Advantages of this approach to streaming snapshots are:

  • The snapshot has greater recoverability. If the pipeline is disrupted while a snapshot request is in progress, the snapshot process will resume from the beginning of that specific request, with no effect on requests already completed before the disruption.
  • Because you configure the snapshots after the pipeline has started streaming, you can ensure that your streaming configuration is working as expected before proceeding with the snapshot.
  • Breaking down large tables into smaller snapshot requests is useful to prevent log staleness, since streaming is restarted between each snapshot so it can catch up to the most recent change events.
  • Breaking down large tables gives you flexibility when it comes to snapshotting only the data you require. For example, in a large table you may only need to snapshot data from after a specific cut-off date, and ignore the older data.

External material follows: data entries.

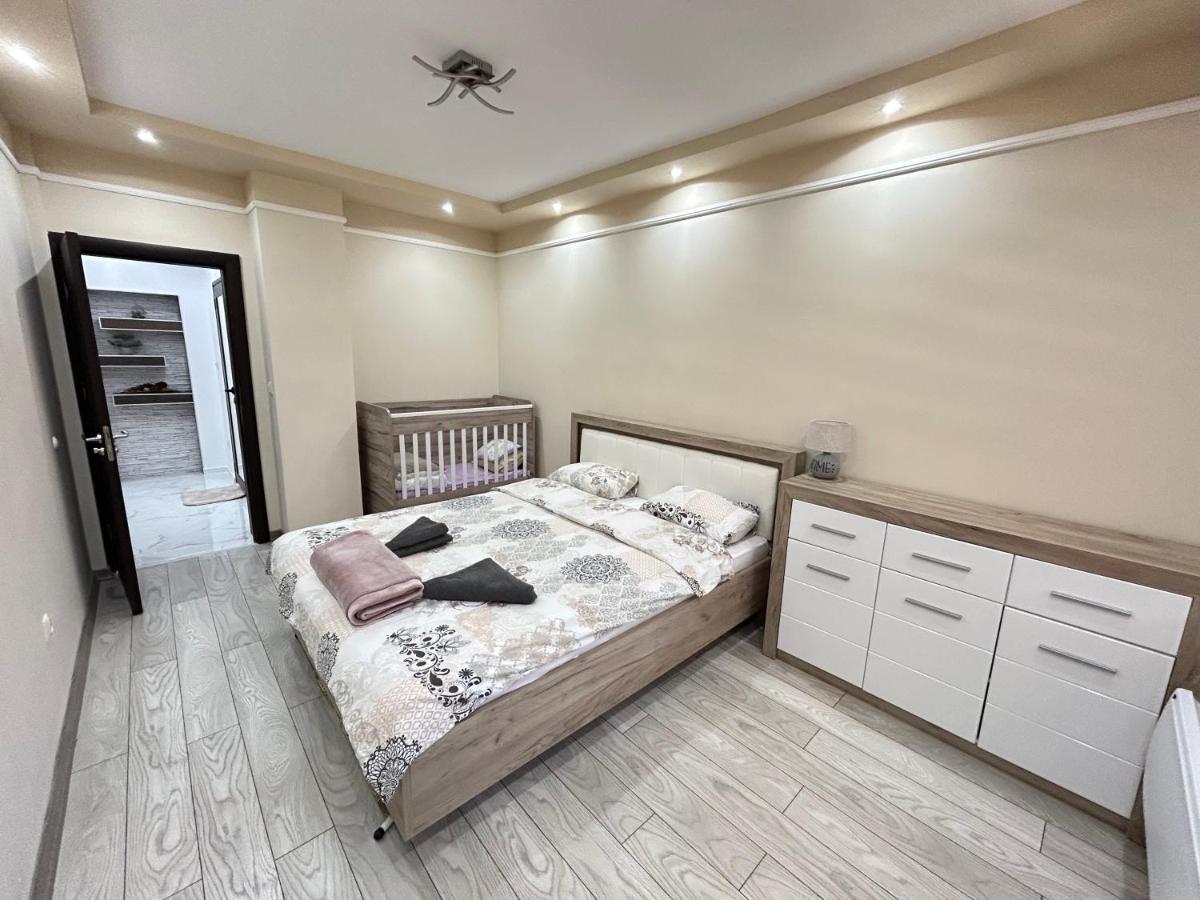 Apartament Deluxe Karina-Free Parking Burgas Esterno foto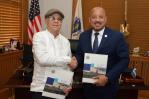 Alcaldes de Santo Domingo Este y Lawrence, en Boston, firman convenio de cooperación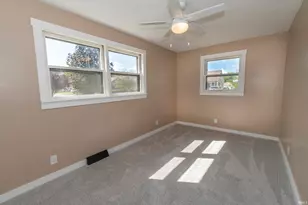 214 Virginia St, Mishawaka, IN 46544 - Photo 17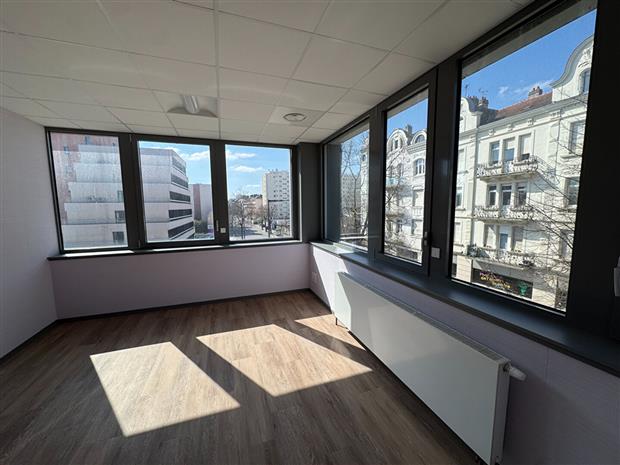 Bureau Location 57000 METZ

Queueing and delaying snapshots

If you break a snapshot down into multiple requests, the requests will be queued and performed sequentially. When one snapshot completes, it will be removed from the queue and the next snapshot will begin.

You can configure a delay between the execution of different requests in the queue. The delay allows streaming to be restarted between each snapshot, to catch up to the most recent change events.

If no delay is configured, all queued snapshot requests will be executed consecutively, leaving no time for streaming to occur until all snapshots have been completed. This would increase the risk of log staleness and reduce recoverability, negating the benefit of the queuing approach.